> _Exercise details_
Return the listing below exactly. Leave its pictures out.

> _Data below_
==*==
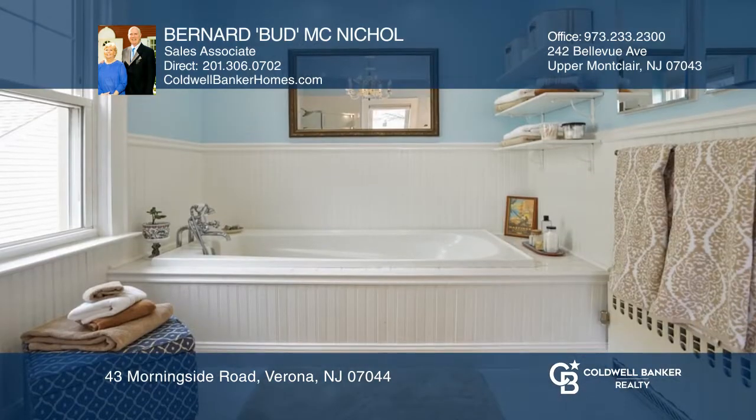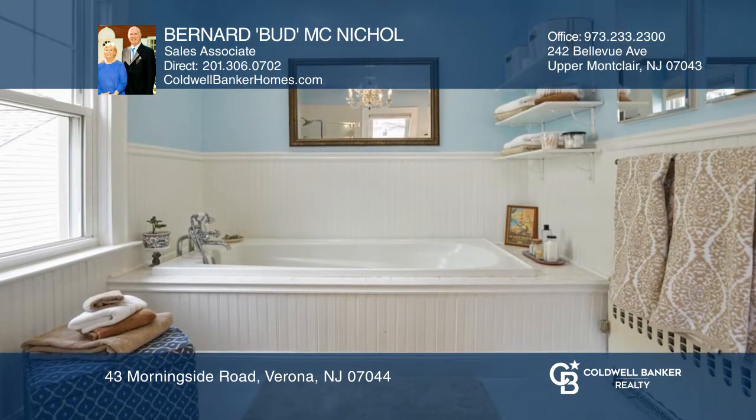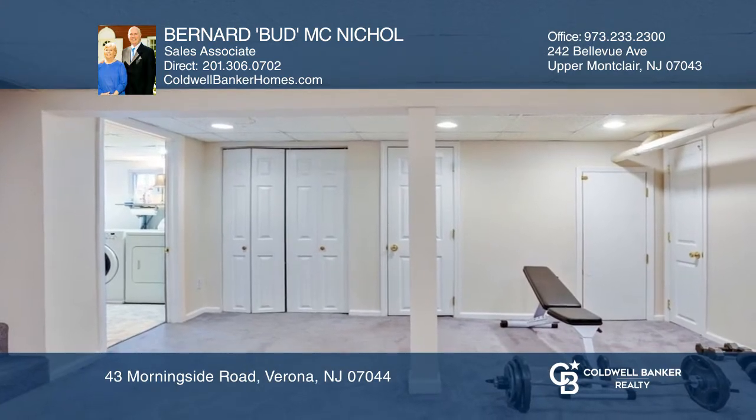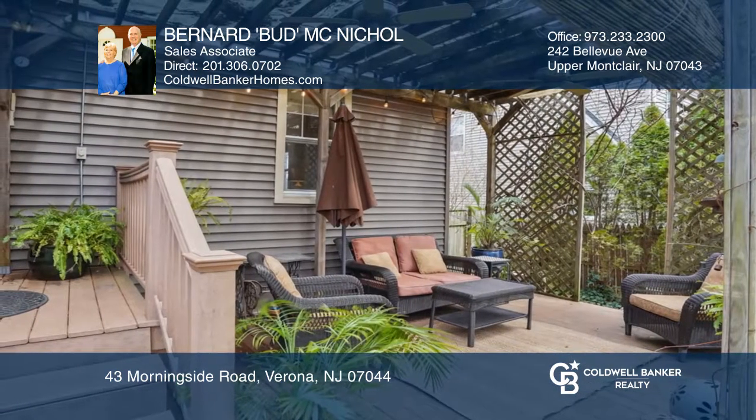The second floor bath has a six-foot spa tub, two bedrooms and a main bedroom with storage. The basement offers a gym, half bath and more. Outside there's a pergola with wisteria and grapevine for shade.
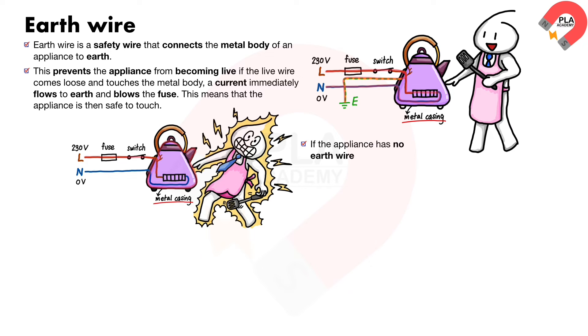If the appliance has no earth wire and the live wire comes loose, a current could flow through the user, causing an electric shock.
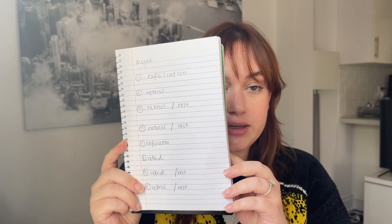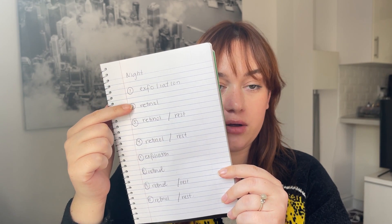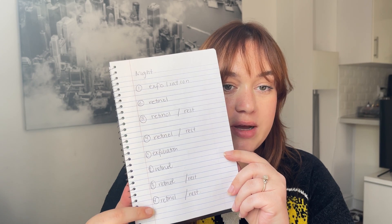For frequency of use: night one is exfoliation with glycolic acid, night two is retinol. If you've been using retinol for a while, you can probably use it every night. If you've never used retinol, let your skin rest — do the retinol routine but without the retinol, just the ascorbic acid, niacinamide, and azelaic acid. Then you can repeat exfoliation, retinol, retinol, retinol, or exfoliation, retinol, rest, rest — it's up to your discretion.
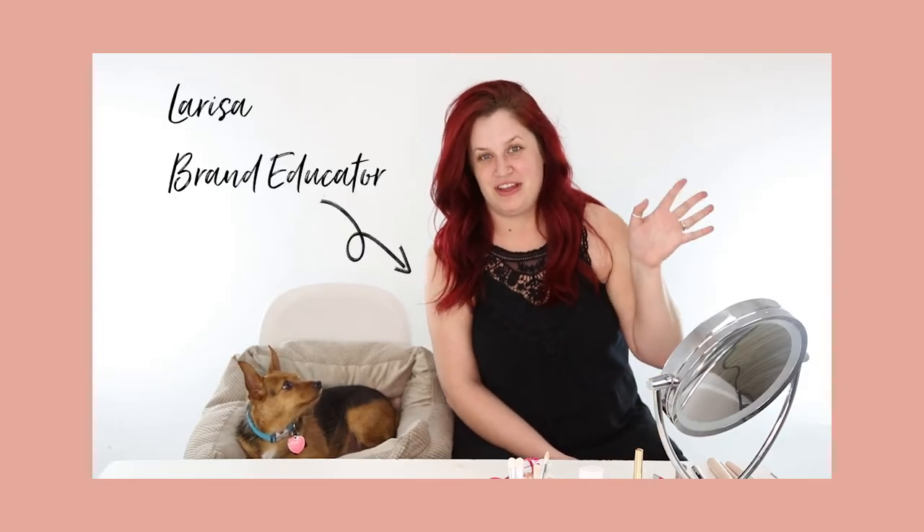Hi everyone! I'm Larissa, brand educator for 100% Pure, and today I'm going to go over a makeup routine that I like to do. It mainly consists of a daily makeup routine, but today I'm throwing in a fancy red lip to go with my hair. I'm going out for an event tonight, so I just thought I'd jazz it up a little bit with a bright lip.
==*==
> _Solution_
The second floor bath has a six-foot spa tub, two bedrooms and a main bedroom with storage. The basement offers a gym, half bath and more. Outside there's a pergola with wisteria and grapevine for shade.
If the appliance has no earth wire and the live wire comes loose, a current could flow through the user, causing an electric shock.
For frequency of use: night one is exfoliation with glycolic acid, night two is retinol. If you've been using retinol for a while, you can probably use it every night. If you've never used retinol, let your skin rest — do the retinol routine but without the retinol, just the ascorbic acid, niacinamide, and azelaic acid. Then you can repeat exfoliation, retinol, retinol, retinol, or exfoliation, retinol, rest, rest — it's up to your discretion.
Hi everyone! I'm Larissa, brand educator for 100% Pure, and today I'm going to go over a makeup routine that I like to do. It mainly consists of a daily makeup routine, but today I'm throwing in a fancy red lip to go with my hair. I'm going out for an event tonight, so I just thought I'd jazz it up a little bit with a bright lip.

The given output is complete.